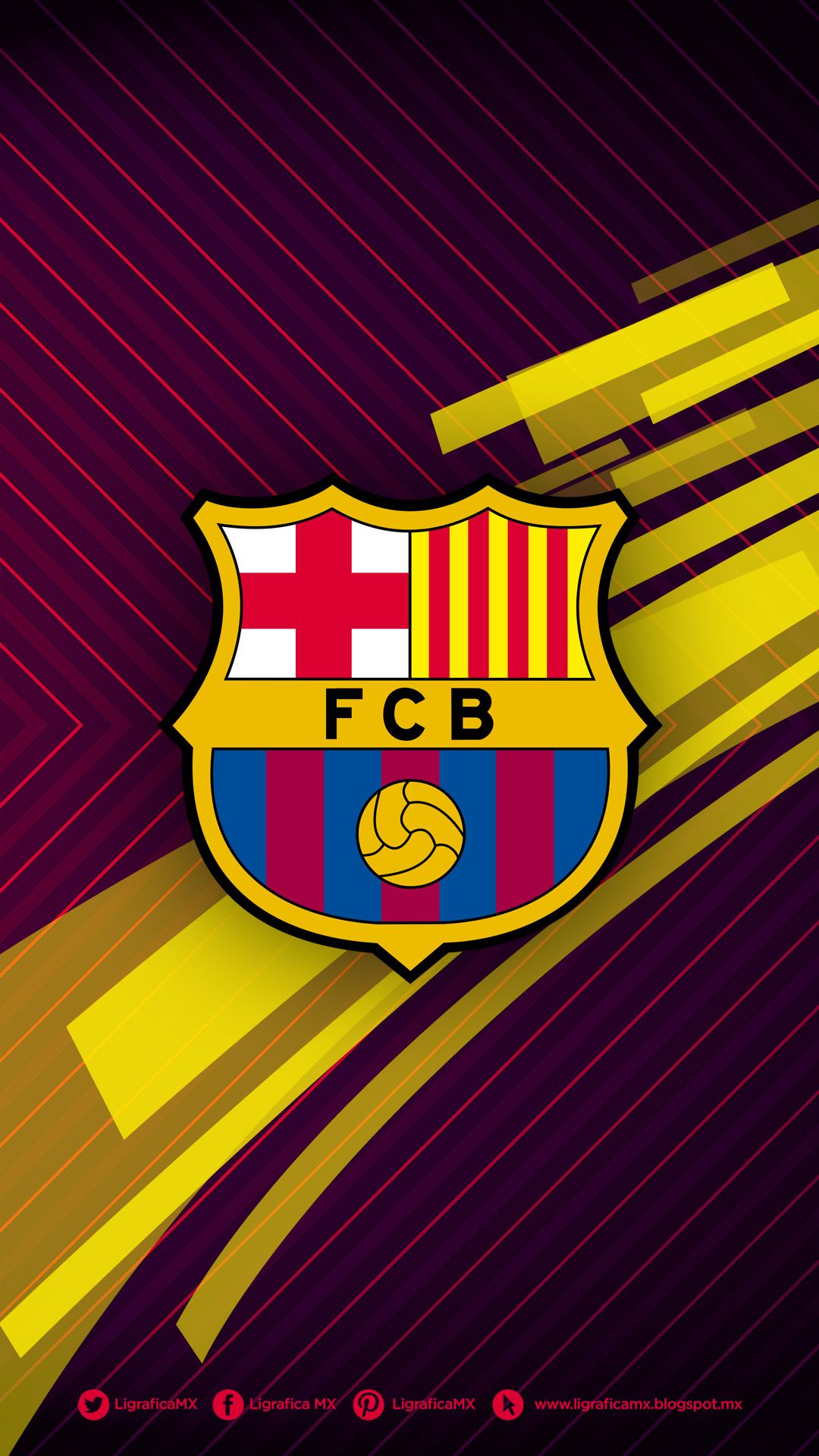 FC Barcelona, Logo, Lila, Gelbe Streifen, Grafikdesign, Full HD, Handy-Hintergrund im Hochformat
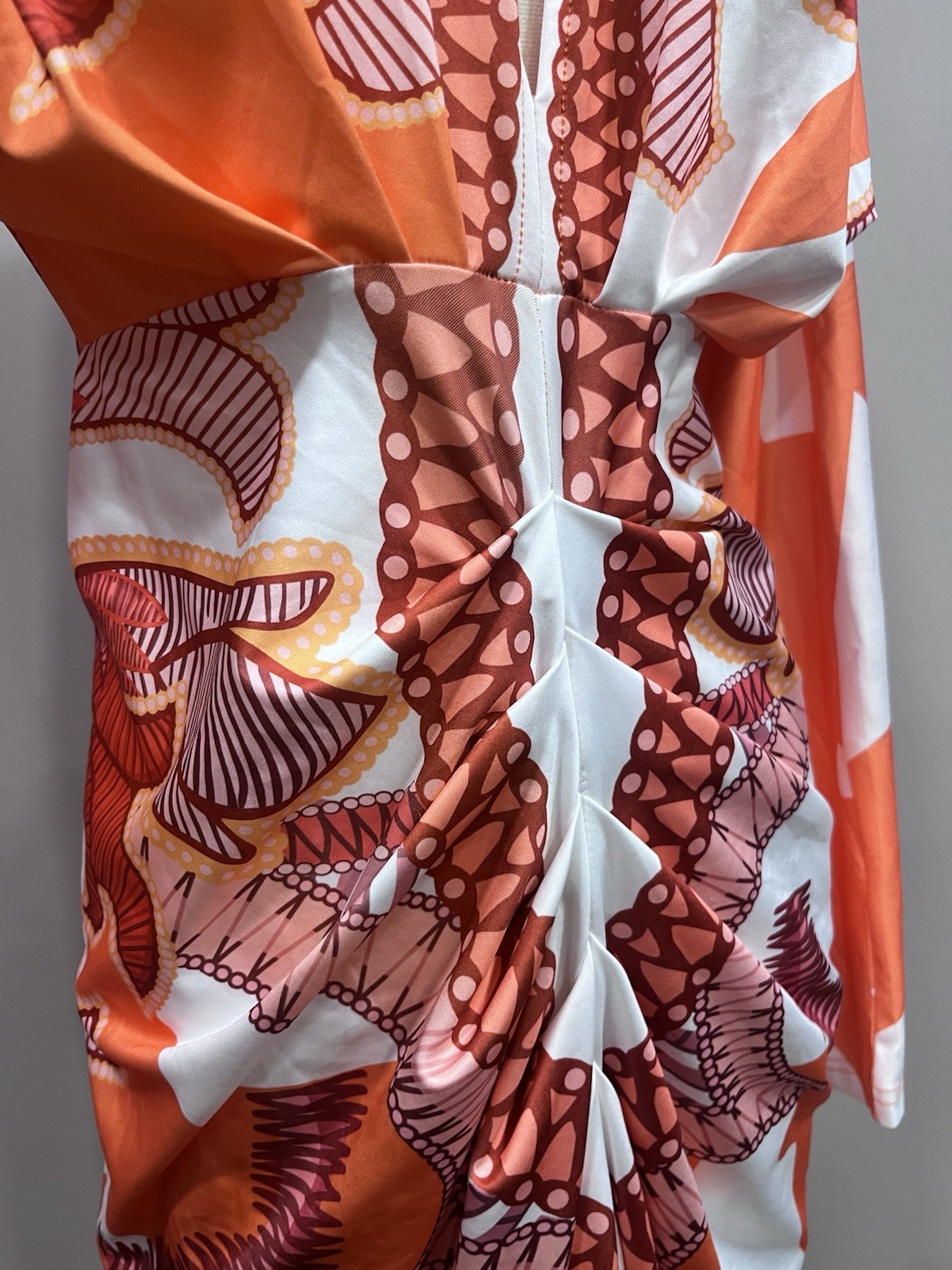 ChicMe Orange Printed V-Neck Women’s Midi Dress size L
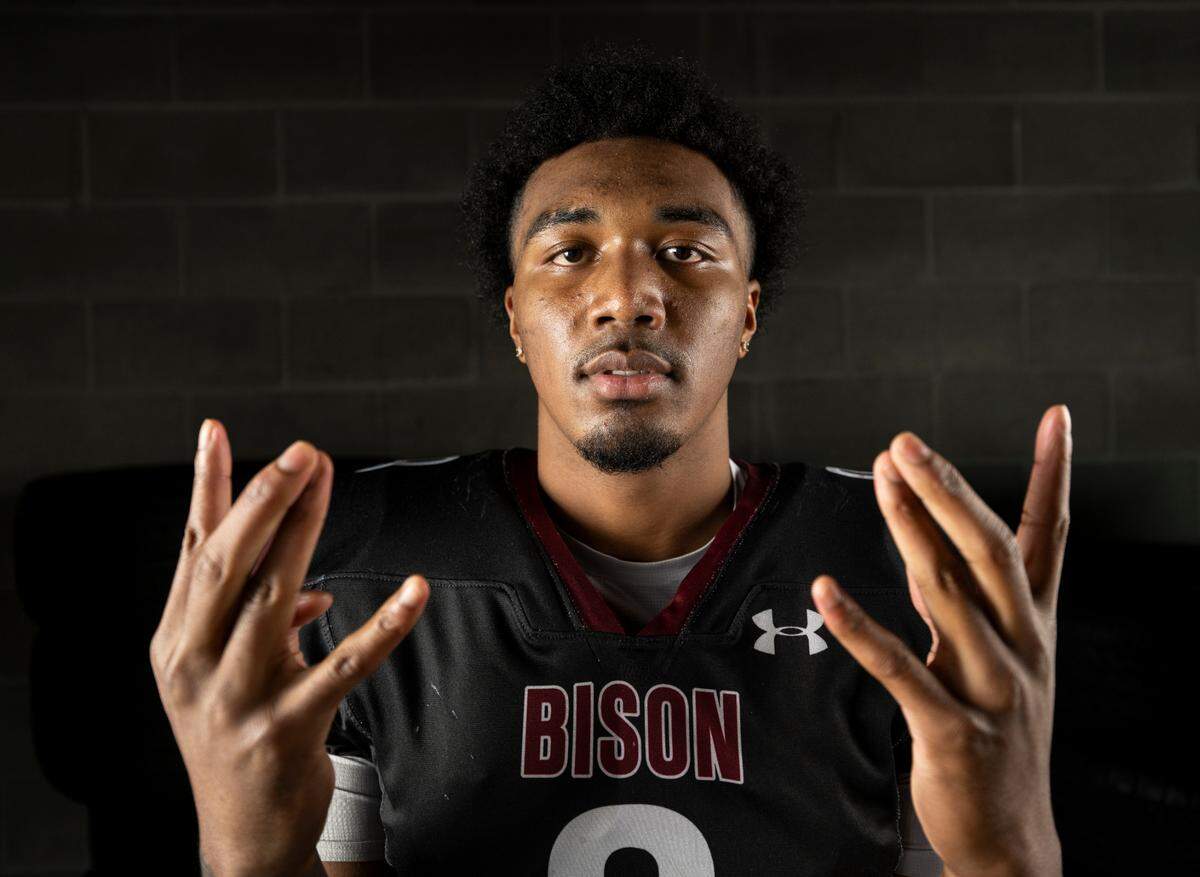 The News Tribune 2024 All-Area first-team player of the year selection Bethel linebacker Zaydrius Rainey-Sale poses for a portrait at Mount Tahoma High School, on Sunday, Dec. 8, 2024, in Tacoma, Wash.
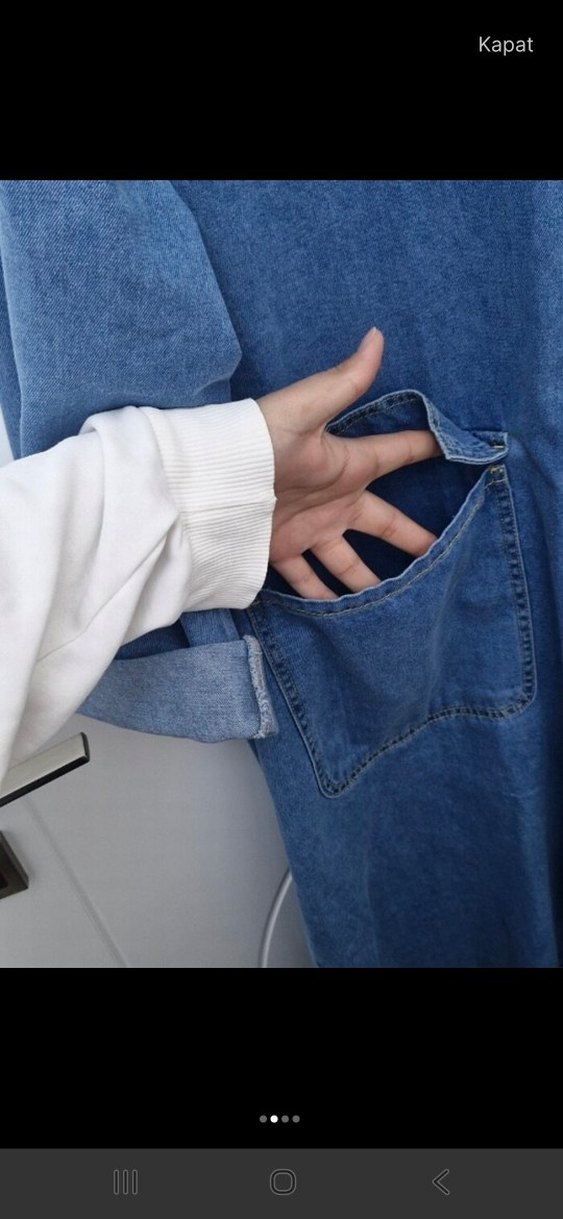 Kadın Uzun Boy Kot Ceket Düğmeli Mavi - Görsel 2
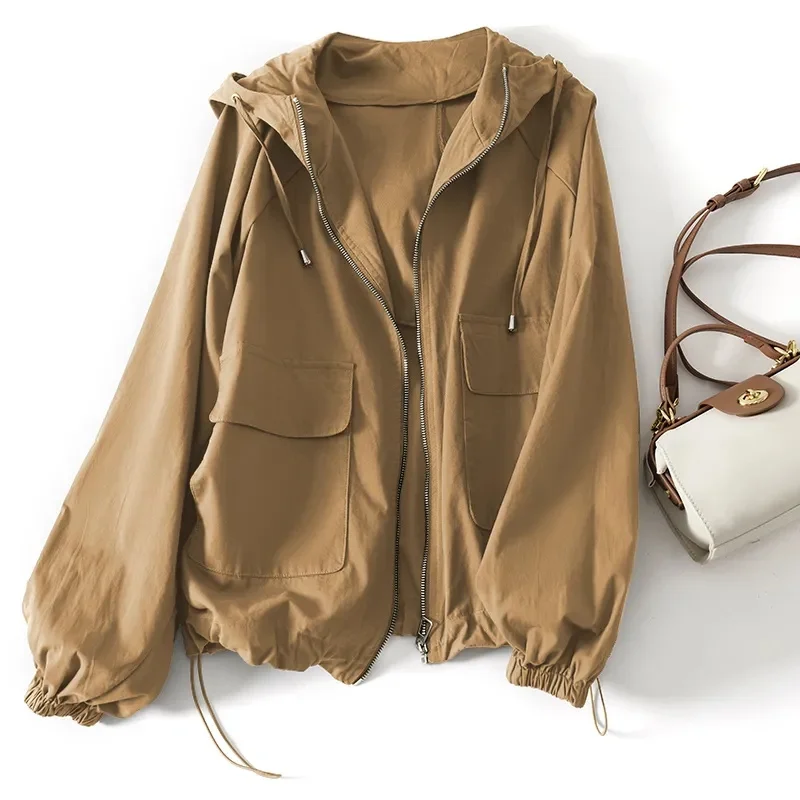 

Женская ветровка с капюшоном, свободная ветровка с капюшоном, в Корейском стиле, верхняя одежда, большие размеры, весна-осень 2023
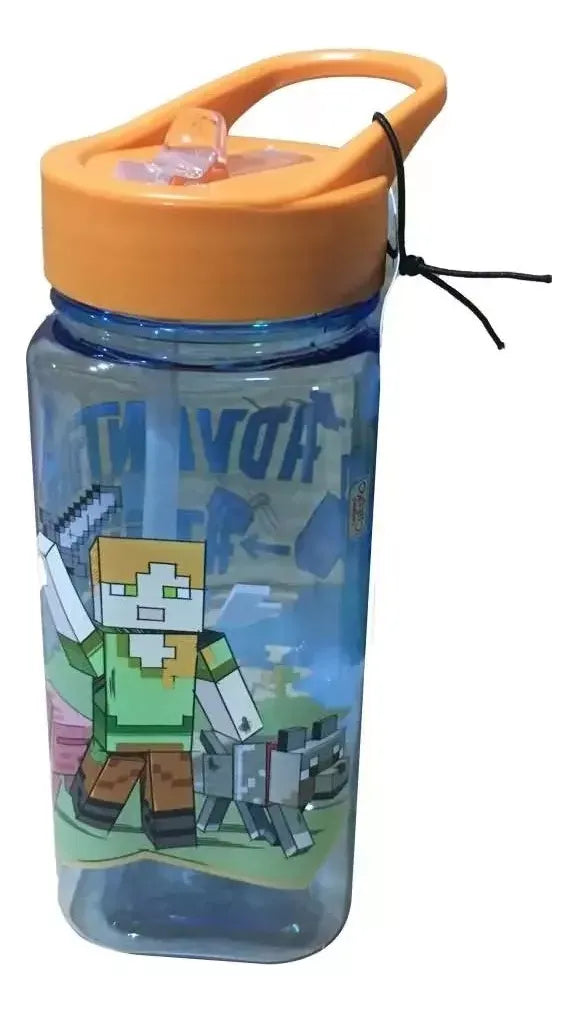 Botella Minecraft Celeste Transparente 500ml MI082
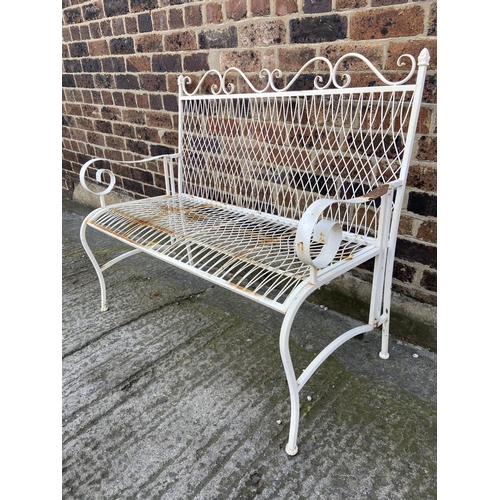 58 - A white painted wrought metal garden bench - approx. 99cm high x 117cm wide x 50cm deep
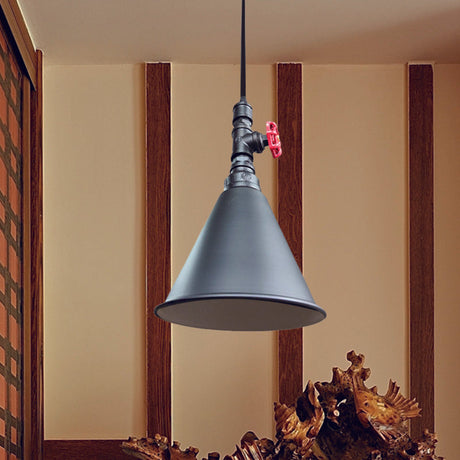 Conical Down Lighting Iron Pendant Lamp - Farmhouse Black/Silver/Gold Finish For Restaurants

============================================================

Task statement
Repeat each of the entries above exactly, but do not carry over the pictures.

Result
 FC Barcelona, Logo, Lila, Gelbe Streifen, Grafikdesign, Full HD, Handy-Hintergrund im Hochformat
 ChicMe Orange Printed V-Neck Women’s Midi Dress size L
 The News Tribune 2024 All-Area first-team player of the year selection Bethel linebacker Zaydrius Rainey-Sale poses for a portrait at Mount Tahoma High School, on Sunday, Dec. 8, 2024, in Tacoma, Wash.
 Kadın Uzun Boy Kot Ceket Düğmeli Mavi - Görsel 2

Женская ветровка с капюшоном, свободная ветровка с капюшоном, в Корейском стиле, верхняя одежда, большие размеры, весна-осень 2023
 Botella Minecraft Celeste Transparente 500ml MI082
 58 - A white painted wrought metal garden bench - approx. 99cm high x 117cm wide x 50cm deep
 Conical Down Lighting Iron Pendant Lamp - Farmhouse Black/Silver/Gold Finish For Restaurants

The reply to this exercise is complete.